デフォルト無効で必要に応じて有効化という運用が可能に
IA32エミュレーション機能によって32ビットプログラムを利用できるのは便利ですが、問題がないわけではありません。32ビットプログラム向けのユーザーランドをメンテナンスするコストがかかりますし、メンテナンスをおろそかにするとセキュリティ上のリスクが生じる恐れがあります。特にエンタープライズ向けのディストリビューションでは、できればIA32エミュレーション機能は無効化したいところでしょう。しかし、32ビットプログラムをまったく動かせなくするのは、現状ではまだ難しい面があります。
バージョン6.7のLinuxカーネルに追加されたカーネルパラメータと設定パラメータを使えば、IA32エミュレーション機能をデフォルトで無効化しつつ、必要に応じてユーザーが有効化するという運用が可能になります。それには、カーネルを次の設定パラメータでビルドします。
CONFIG_IA32_EMULATION=y
CONFIG_IA32_EMULATION_DEFAULT_DISABLED=y
「make menuconfig」を実行して起動するツールで設定する場合には、「Binary Emulations」項目を選択して表示される次の画面で、「IA32 Emulation」「IA32 emulation disabled by default」の項目に「*」を付けます。
これにより、IA32エミュレーション機能は利用できるがデフォルトで無効という状態にできます。
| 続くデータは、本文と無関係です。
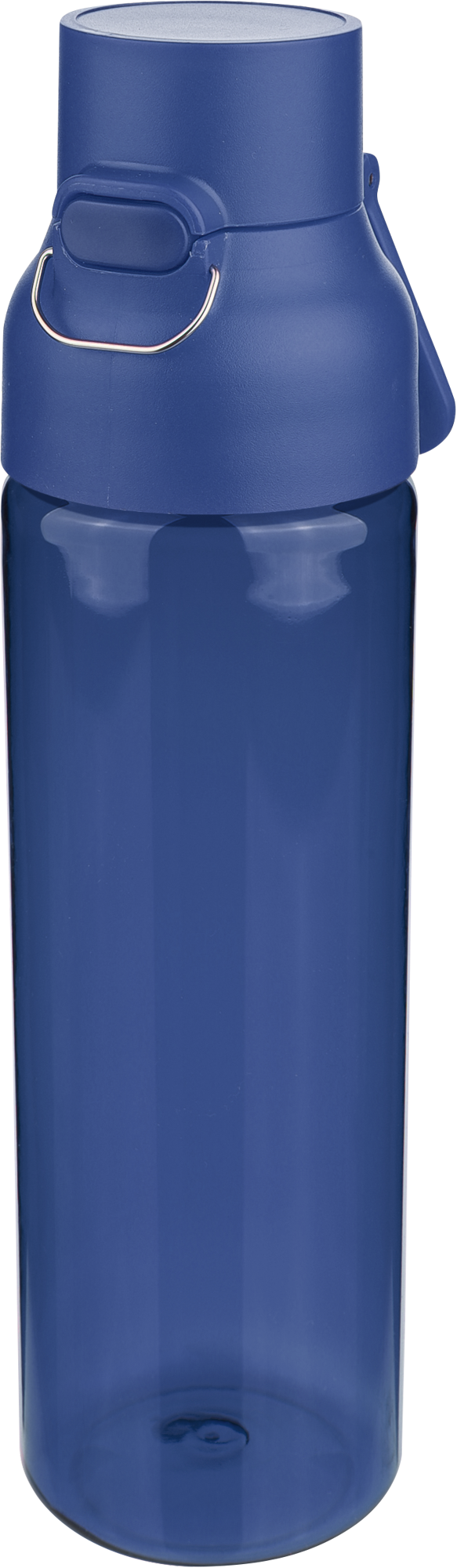 Picture of Tritan bottle (750ml)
そして、32ビットプログラムを実行したい場合には、ブートローダーのカーネル設定行に次のカーネルパラメータを追加してLinuxを起動します(「on」の代わりに「y」を指定しても構いません)。
ia32_emulation=on
実際に動作を試してみる
バージョン6.8-rc1のカーネルを前述の設定パラメータでビルドし、それをUbuntu 22.04 LTS環境で動かして試してみました。
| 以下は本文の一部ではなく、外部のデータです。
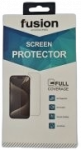 Fusion Accessories "Fusion Ekranas Guard" apsauginė plėvelė, skirta "Samsung Galaxy S931 S25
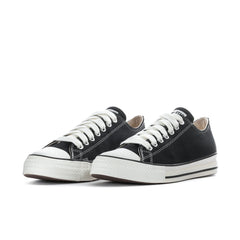 Throwback Ox - Mens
まず、サンプルプログラムをビルドするためのツール類を次のコマンドでインストールします。
$ sudo apt update
$ sudo apt install build-essential libc6-dev-i386
続いて、次のコードを「hello.c」というファイル名で保存します。
#include <stdio.h>
#include <stdlib.h>
int main() {
printf("Hello, World!\n");
exit(0);
}
保存したら、次のコマンドで32ビットプログラムとしてビルドして実行します。
$ gcc -m32 -o hello_ia32 hello.c
$ ./hello_ia32
-bash: ./hello_ia32: バイナリファイルを実行できません: 実行形式エラー
すると、このように実行形式エラーが表示されます。また、このときに「sudo dmesg」コマンドを実行すると、次のカーネルメッセージが表示されます。なお、このカーネルメッセージは、カーネル内のpr_notice_once()関数で出力されるので、最初に32ビットプログラムが実行されたときだけ表示されます。
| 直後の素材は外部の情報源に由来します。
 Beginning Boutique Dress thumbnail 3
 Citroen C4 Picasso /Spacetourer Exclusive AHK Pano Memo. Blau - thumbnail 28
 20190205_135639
32-bit emulation disabled. You can reenable with ia32_emulation=on
カーネルメッセージにあるように、「ia32_emulation=on」というカーネルパラメータを指定してみましょう。Ubuntuでは、/etc/default/grubファイルのGRUB_CMDLINE_LINUX行にカーネルパラメータを記述してから、次のコマンドを実行するとブートローダーの設定が変更されます。
$ sudo update-grub
Ubuntuを再起動してから、hello_ia32プログラムを実行してください。今度は問題なく動作します。
$ ./hello_ia32
Hello, World!
(おまけ)x32 ABIの動作を試したい場合
x32 ABIの動作を試したい場合には、「libc6-dev-x32」パッケージを追加でインストールしてから、次のコマンドでサンプルプログラムをビルドして実行します。
$ gcc -mx32 -o hello_x32 hello.c
$ ./hello_x32
バージョン6.8のLinuxカーネルの場合、CONFIG_X86_X32_ABIという設定パラメータに「y」を設定してビルドしていれば、x32 ABI機能が有効となり、プログラムを正常に実行できます。